Contribution of Oral Bacteria to Candida Virulence and Denture Stomatitis

Objectives: The oral infection, denture-associated stomatitis (DS), affects up to 60% of denture-wearers, presenting as areas of palatal inflammation. It is associated with microbial biofilms containing Candida albicans on denture-fitting surfaces. The contribution of oral bacteria within these biofilms to infection is unclear, therefore research demonstrating the in-vitro impact of bacteria upon infection prognosis is necessary to improve treatment regimes. This in vitro study evaluated the impact of bacteria on Candida virulence, and evaluated bacterial microbiomes at specific oral sites in DS and non-DS patients to determine associations with infection.

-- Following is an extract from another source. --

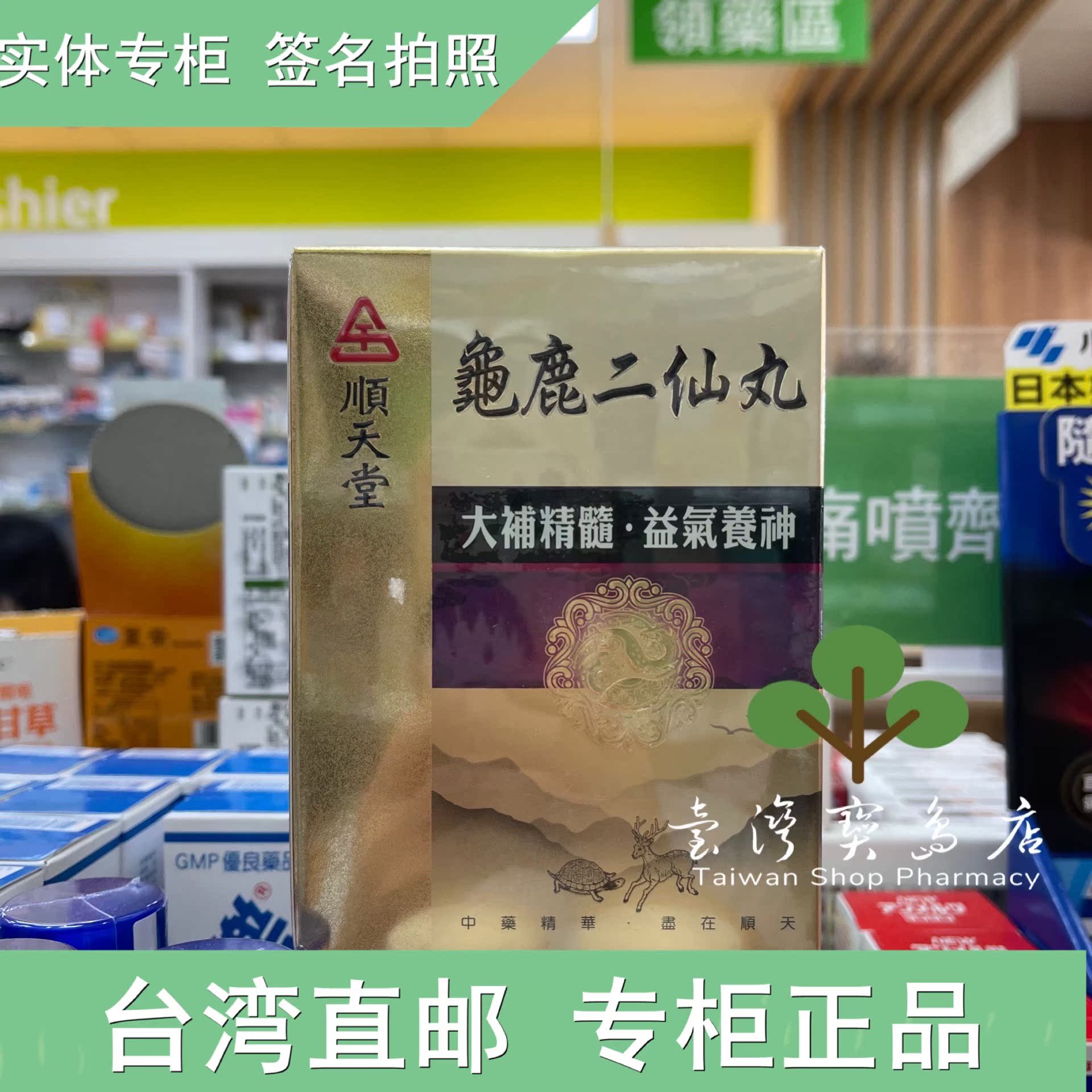 台湾康是美正品代购直邮顺天堂龟鹿二仙丸大瓶装480丸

Methods: In vitro biofilm studies assessed expression of C. albicans virulence factors (morphological transformation, adhesins, hydrolytic enzymes), and their impact on pathogenesis in an infection model. Microbiological specimens were clinically obtained from the tongue, palate and denture-fitting surface of 19 denture-wearing patients (DS n=8, non-DS n=11). Bacterial DNA was extracted and differences in the bacterial microbiomes determined by next generation sequencing using 16S rRNA gene targets.

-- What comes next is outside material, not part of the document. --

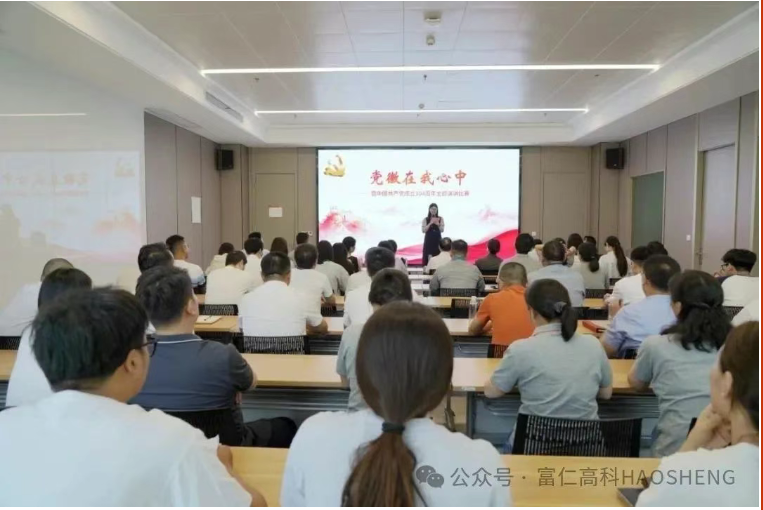 富仁集团党委成功举办“党徽在我心中”主题演讲比赛，献礼党的104周年华诞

Results: Certain oral bacterial species significantly (P<0.05) modulated C. albicans virulence factor expression. In biofilms where virulence was enhanced, substantially enhanced tissue damage in model systems was observed. Metataxonomic analyses revealed a significant (P=0.007) increase in the number of bacterial species (diversity) in samples of the tongue of non-DS patients, but no significant differences between DS and non-DS patients when considering the denture-fitting and palate surfaces. Differences in the relative abundance of bacterial species common to both DS and non-DS patients, at other sample sites were also evident.
Conclusions: The in vitro modulating capacity of bacteria toward Candida virulence, and the observed species-level differences in bacteria between DS and non-DS patients highlight the need for consideration of the bacterial composition of oral biofilms in understanding the pathogenesis of DS and its management.